PILAR RAMÍREZ
Estudiantes
Por primera vez en lo que lleva el presente sexenio, el presidente Enrique Peña Nieto dirigió unas palabras a la nación, en las que abordó los temas de violencia, inseguridad y crimen organizado. No podía ser de otro modo, guardar silencio ante el ataque armado contra normalistas de Ayotzinapa, los fallecidos de ese día, los desaparecidos y los cadáveres encontrados en fosas clandestinas que pudieran ser de estos jóvenes ya no caería en la estrategia que ha caracterizado a la administración peñista de circunscribir el tema de la violencia al ámbito policiaco y judicial, hubiera sido simplemente insensible.
Resulta difícil distinguir la línea que separa el silencio ante el tema de la violencia como un mecanismo que intenta evitar su magnificación de la indiferencia hacia un problema que no ceja.
Como un sombrío presagio, el mismo día que se dio el último adiós al líder estudiantil de 1968, Raúl Álvarez Garín, se informó de los disparos que la policía había hecho contra estudiantes normalistas en Iguala. El reporte de cinco fallecidos —dos de ellos estudiantes que quedaron en el lugar de los hechos—, uno con muerte cerebral, 25 personas heridas —algunas de ellas gravemente—, 43 normalistas desaparecidos y los testimonios de testigos hicieron inevitable que se ahondara en el ataque contra normalistas la noche del 26 de septiembre.
Hoy existe la fuerte presunción de que los cadáveres exhumados de fosas clandestinas pueden ser de los estudiantes. Las acusaciones apuntan al crimen organizado en combinación con la policía. Las razones que dieron el presidente municipal de Iguala y otras autoridades policiacas intentando justificar los disparos resultan irrelevantes y grotescas ante la dimensión del abuso y el exceso de violencia. La estrategia del silencio perdió su razón de ser ante el número de familias que temen recibir la noticia de que su hijo fue asesinado con crueldad y aun en el caso de no ser así, el alivio no llegará mientras no los encuentren con vida.
Existe la percepción de que la administración anterior utilizó el combate a la delincuencia para legitimarse más que para combatirla, era el enemigo visible que le daba razón de ser y había que publicitarlo. El cambio radical hacia el otro extremo no consideró —hasta hoy que nos estremece la posibilidad de la ejecución de tantos estudiantes— que la población encontró desamparo en el silencio y una sensación de indiferencia. La única manera de resarcir el dolor y tratar de encarar el horror y estremecimiento que causa a las familias afectadas y a la sociedad esta afrenta es atajar la impunidad.

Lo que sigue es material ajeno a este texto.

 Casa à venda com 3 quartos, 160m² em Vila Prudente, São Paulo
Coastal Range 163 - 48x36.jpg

En este contexto, de sorpresa e indignación, el gobierno federal tuvo que enfrentar otro asunto estudiantil: el de las protestas de los estudiantes del Politécnico en rechazo al nuevo reglamento y las modificaciones a los planes de estudio. Con lo delicado que resulta el caso Iguala que tomó las primeras planas apenas las hubo dejado el caso de las posibles ejecuciones en Tlatlaya, era poco aconsejable intentar reprimir o desalentar el movimiento estudiantil que rápidamente sumó adeptos, mostró una gran determinación a defender sus demandas como no se veía desde hace muchos años y, quizá, lo más alarmante para las autoridades, exhibió organización y logró posicionar su discurso con peticiones claras, sencillas y entendibles que derrotaron, ante la opinión pública, la postura de las autoridades, que no lograron estructurar un mensaje que hiciera frente al de los estudiantes.

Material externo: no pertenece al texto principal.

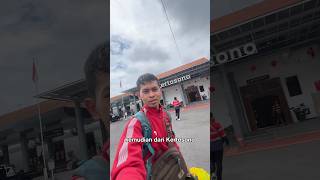 Download lagu Bandung-Lombok Cuman 400ribuan gaskeun yang mau liburan #lombok #bandung #liburan #wisata mp3 Download lagu Bandung-Lombok Cuman 400ribuan gaskeun yang mau liburan #lombok #bandung #liburan #wisata mp3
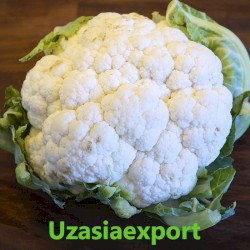 Cauliflower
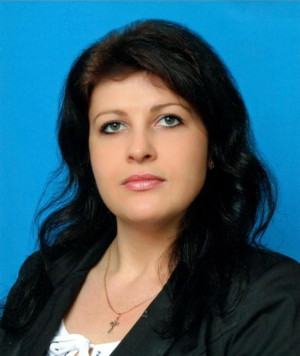 Педагогический работник Новиченко Татьяна Александровна Педагогический работник Новиченко Татьяна Александровна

Los estudiantes son, para muchos adultos, ese horizonte esperanzador que a veces puede ser vehemente en exceso al defender sus causas, incluso intransigente, pero es quizá allí donde reside la esperanza, en esa zona entre ingenua, enérgica y honesta que ya no se encuentra en otras etapas de la vida ni en otros ámbitos y por eso los seguimos apoyando, porque muchas veces ellos son lo que ya no podemos ser y nos confrontan con lo que dejamos ir por la comodidad. Esto también le generó simpatías al movimiento politécnico.
Rebasadas las autoridades del Politécnico, el gobierno federal tomó las negociaciones, pero extrañamente no fue la SEP sino la Secretaría de Gobernación. Da la impresión de que la administración federal arropó al secretario Emilio Chuayffet, quien no se había pronunciado sobre el tema hasta su comparecencia en la Cámara de Diputados, como en un intento de no exponerlo al conflicto y asociarlo a otra situación de crisis. El gobierno federal depuso a la directora del IPN y anunció la cancelación del reglamento y los nuevos planes de estudio. Los estudiantes todavía no se pronuncian sobre la respuesta de las autoridades, aunque adelantaron que es incompleta.
Ya una vez les pasó a los estudiantes de la UNAM, ojalá los politécnicos sepan reconocer que ganaron y no pierdan por no hacerlo.